If there’s a fund that warrants trading at a premium to NAV, it’s First Opportunity. However, the fund currently trades at a 20 percent discount to NAV.
BlackRock Credit Allocation Income Trust III (NYSE:BPP) has the flexibility to invest in various sectors of the fixed-income market, with a 50 percent allocation to investment grade bonds, 20 percent to preferred shares, 20 percent to high-yield bonds and 10 percent to cash and government securities. The fund yields about 6.2 percent and trades at a 14 percent discount to NAV, which provides a margin of safety and enhanced yield.
Dan Genter CEO and CIO, RNC Genter Capital Management
Outlook
The economy will experience moderate growth as the unemployment rate remains elevated and the housing market is mired in recession.
Originally, we forecast that US gross domestic product (GDP) would grow 3.5 percent in 2011. But if the price of oil stays higher than $100 per barrel, economic growth could slip to 3 percent.
The Federal Reserve will maintain a loose monetary policy. The economy needs 4 percent GDP growth to stimulate employment, and the Fed is willing to accept inflation of about 3 percent.
The S&P 500 should record top-line growth of 8 to 10 percent, and earnings growth of 8 to 10 percent.
Recommended Strategies
Cyclical stocks will fare better. We’re clearly at the beginning of a technology replacement cycle; many companies have technology that is three to five years old and even smaller companies will buy more software and hardware.
We also expect a resurgence in dividend growth and are focused on a number of names that offer high yields.
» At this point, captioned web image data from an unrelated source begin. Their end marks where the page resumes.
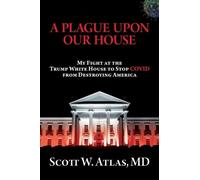 Scott W Atlas A Plague Upon Our House (Copertina rigida)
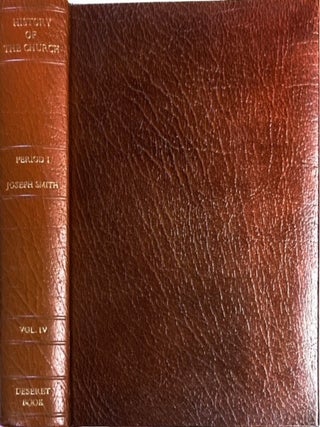 History of the Church (puffy brown leather), vol. 4. Joseph Smith.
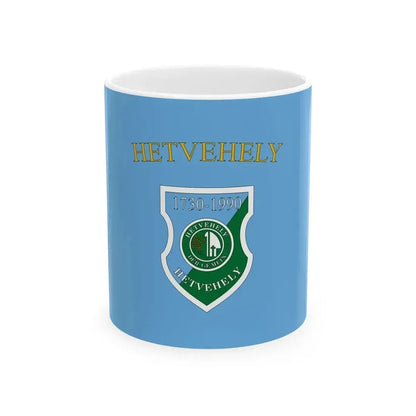 Flag of Hetvehely (Hungary) White Coffee Mug 11oz - Go Mug Yourself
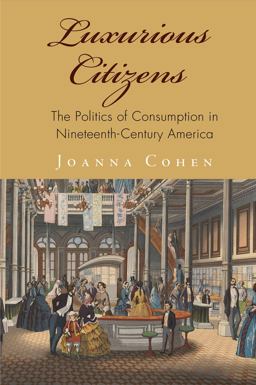 Luxurious Citizens The Politics of Consumption in Nineteenth-Century America  9780812248920 Front Cover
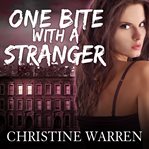 One bite with a stranger cover image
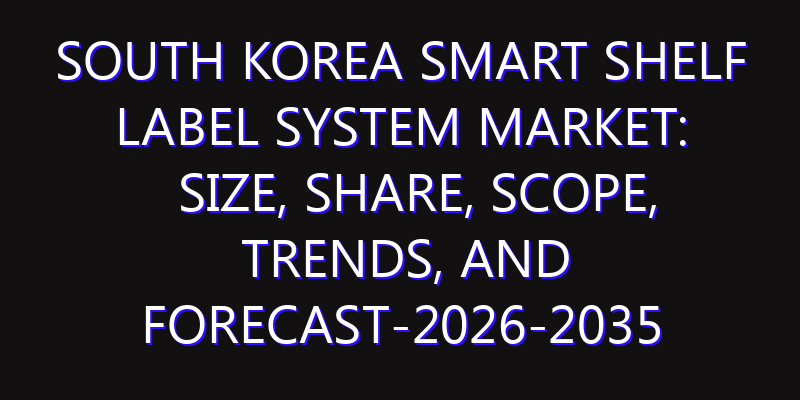 South Korea Smart Shelf Label System Market: Size, Share, Scope, Trends, and Forecast-2026-2035
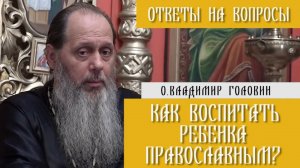 о. Владимир Головин. Как воспитать ребенка православным? Ответы на вопросы.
Baby Boomers will need income. They grew up with stocks and 401(k) accounts, and many will always keep a minimum of 40 to 60 percent of their investable assets in equities.
The S&P 500 will probably grow dividends by 12 percent this year.
What to Buy Now
Taiwan Semiconductor Manufacturing (NYSE: TSM) is a play on the economic recovery. The firm’s cost structure is efficient and their manufacturing process is extensive, a significant competitive advantage.
The firm isn’t making a better mousetrap, but when the mousetrap business improves, the firm will be part of it. The firm’s shares trade at a price-to-earnings (PE) ratio of 13 and yield 3.82 percent.
The energy sector will fare well. Our No. 1 pick, Chevron Corp (NYSE: CVX) isn’t a play on high energy prices; the firm’s production will rise by 6 to 8 percent over the next three to five years even if the price of oil falls back to a more natural equilibrium of $85 per barrel.
We recently swapped out Wal-Mart Stores (NYSE WMT) for Target Corp (NYSE: TGT). As the economy recovers, consumer spending will migrate up the food chain. Target is a diversified retailer that sells to a higher-margin client without relying on the high end merchandise. The firm’s shares trade at a PE ratio of 12, and the company should grow earnings by 12 percent this year.